Return only the lines of the data below from the line with "Bride with a" up to and including the line with "Militia members gather", exactly as written, with the pictures omitted.

START RECORDS

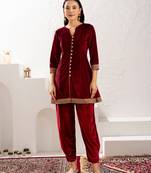 Aask women solid velvet lace work maroon color kurta & pant set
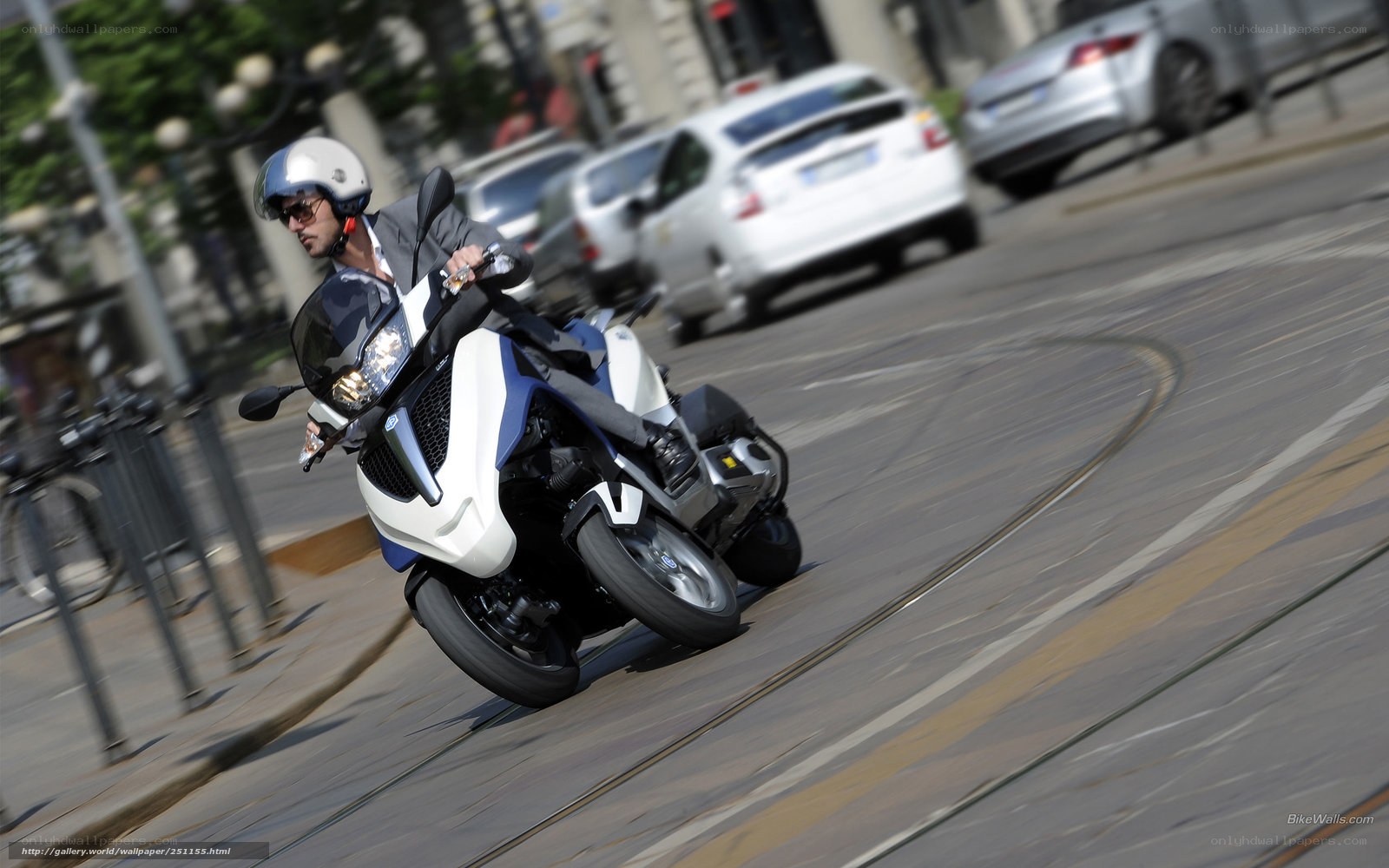 Man riding a motorcycle on a city street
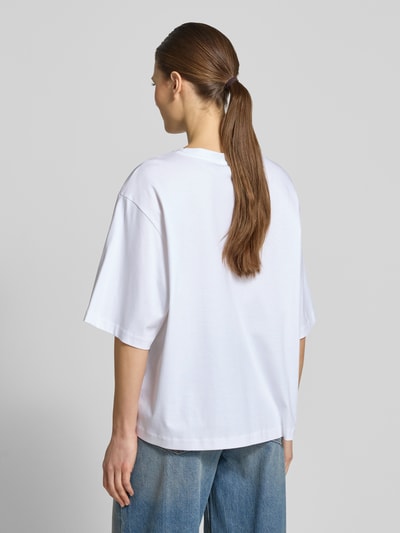 Vrouwenmodel draagt oversized T-shirt met ronde hals model 'PINARA' van Drykorn, puur katoen, ruglengte bij maat S 61 cm, volledige rugaanzicht.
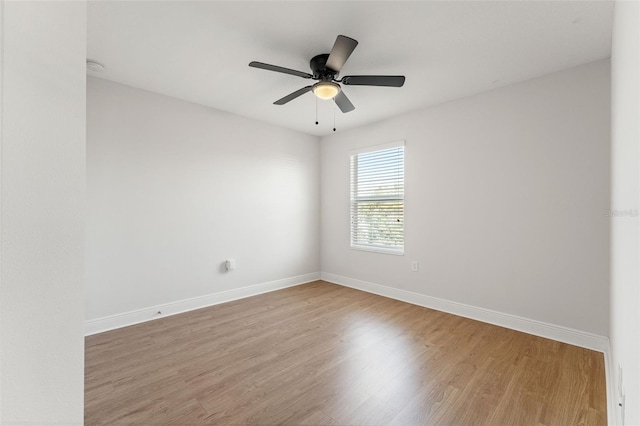 empty room with ceiling fan, light wood-style flooring, and baseboards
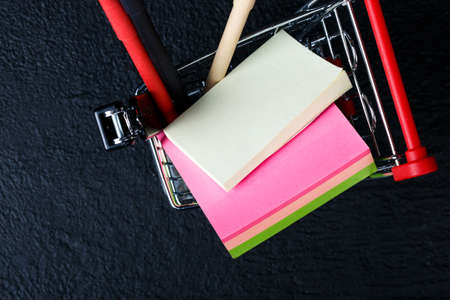 toy mini food cart with stationery (red pen, black pen, stapler)の写真素材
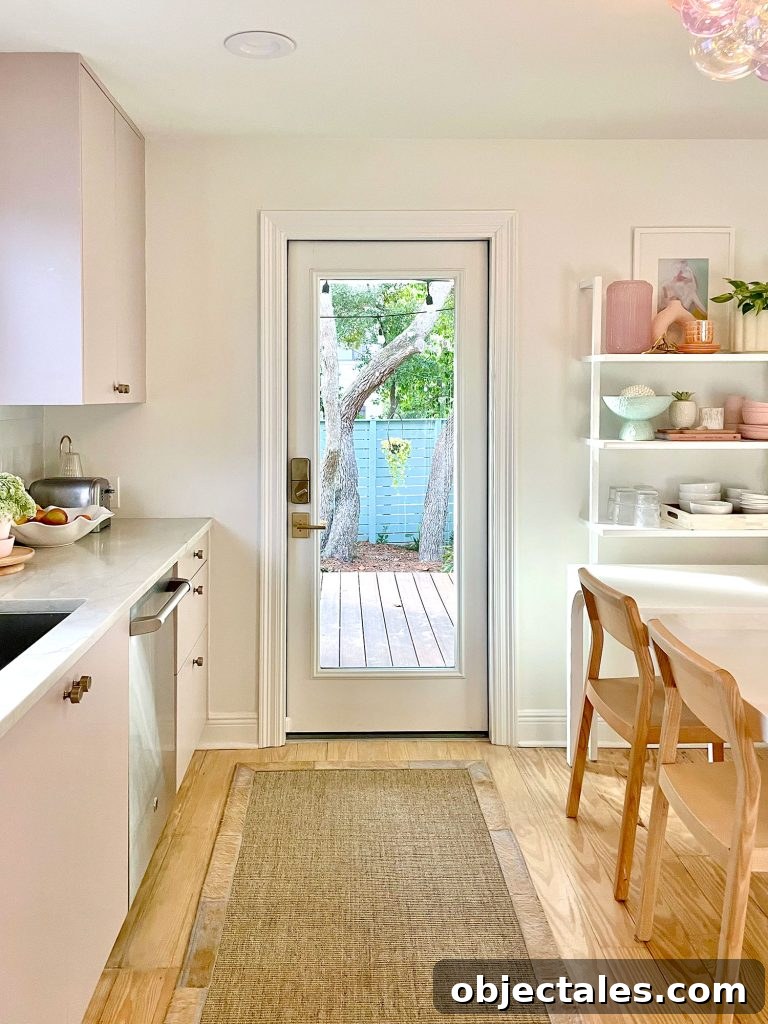 Small Kitchen With Mauve Cabinets And Doorway To Porch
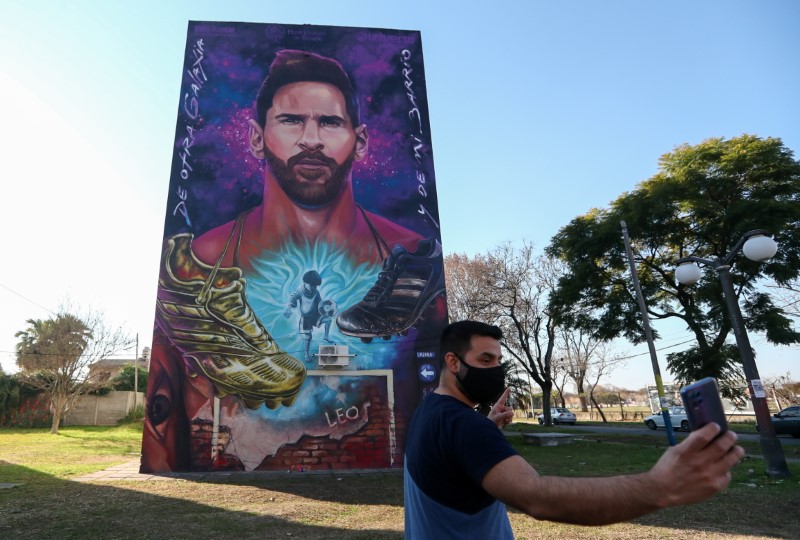 &copy; Reuters. شاب يلتقط صورة سيلفي مع لوحة كبيرة للاعب ليونيل ميسي قرب المنزل الذي نشأه فيه في الأرجنتين. رويترز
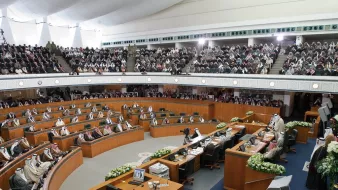 L'image montre une grande assemblée, probablement un parlement ou une salle de réunion officielle. On y voit des hommes en tenue traditionnelle, souvent vêtus de thobes et de keffiehs, assis à des bureaux en bois agencés en demi-cercle. La salle est bien aménagée, avec des décorations florales sur les tables et des écrans affichant des informations. Une grande audience est présente, ce qui suggère une session importante. L'ambiance semble solennelle et axée sur la discussion ou la prise de décision.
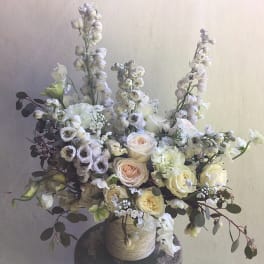 White and blush floral arrangement in a textured vase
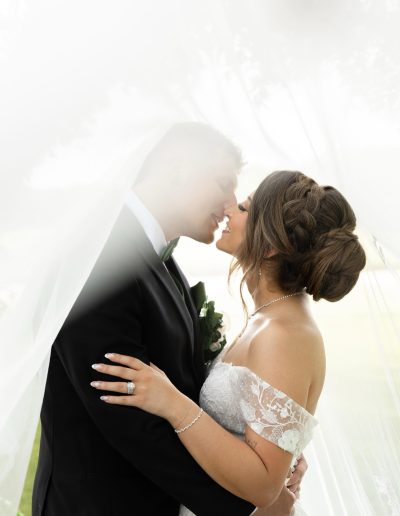 Bride with a braided low-bun updo beneath her veil, wedding hair by Milk + Honey The Hair Lounge in Cary, NC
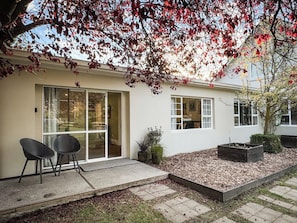 Une maison moderne dotée d’un patio, d’une porte-fenêtre coulissante et d’un petit jardin.
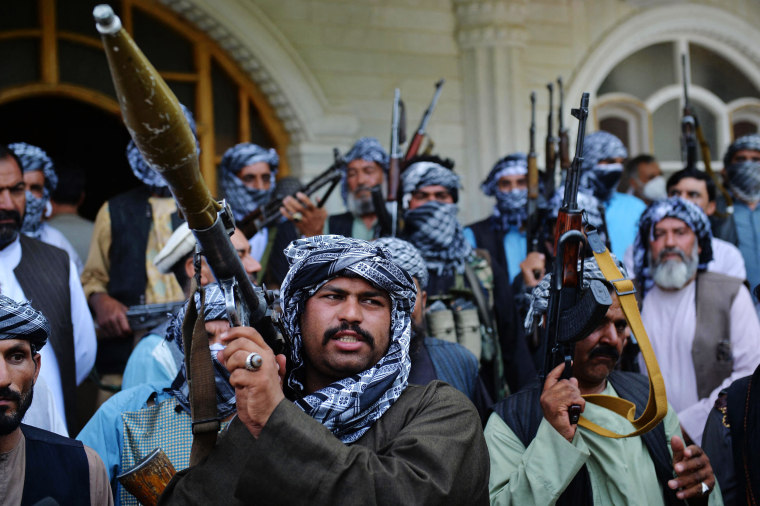 Militia members gather at the house of Afghan warlord and former Mujahideen leader Ismail Khan in Herat, Afghanistan, on July 9, 2021.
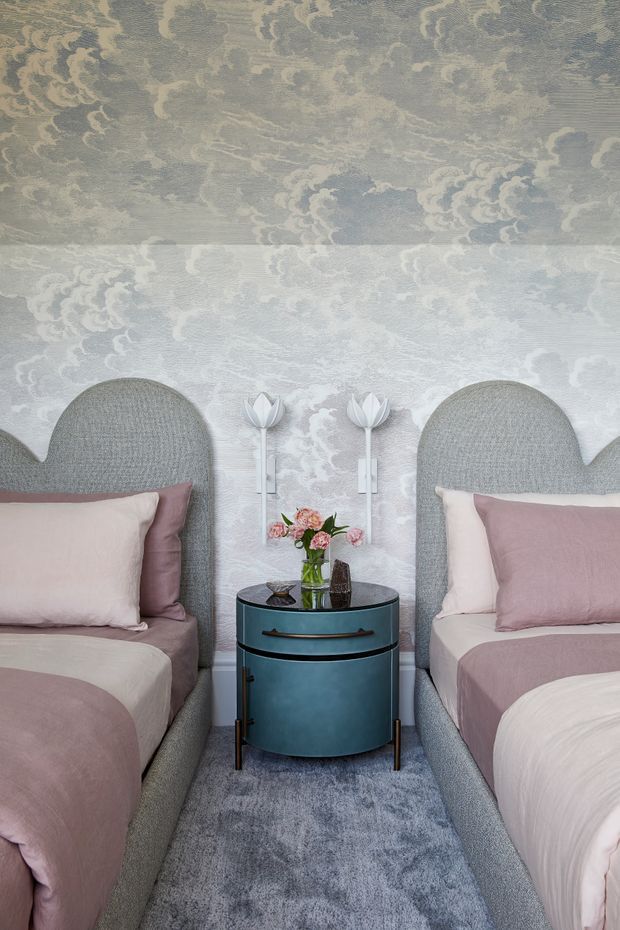 A softly styled bedroom with two single beds positioned symmetrically on either side of a round blue bedside table. The beds have tall rounded upholstered grey headboards and layered blush, mauve, and cream bedding. The walls and ceiling are covered in a pale blue-grey and cream floral cloud-patterned wallpaper, with white wall-mounted decorative lights between the beds. A blue-grey rug and small floral arrangement complete the calm, refined scheme.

END RECORDS

_COMPLETED TASK_.
 Bride with a braided low-bun updo beneath her veil, wedding hair by Milk + Honey The Hair Lounge in Cary, NC
 Une maison moderne dotée d’un patio, d’une porte-fenêtre coulissante et d’un petit jardin.
 Militia members gather at the house of Afghan warlord and former Mujahideen leader Ismail Khan in Herat, Afghanistan, on July 9, 2021.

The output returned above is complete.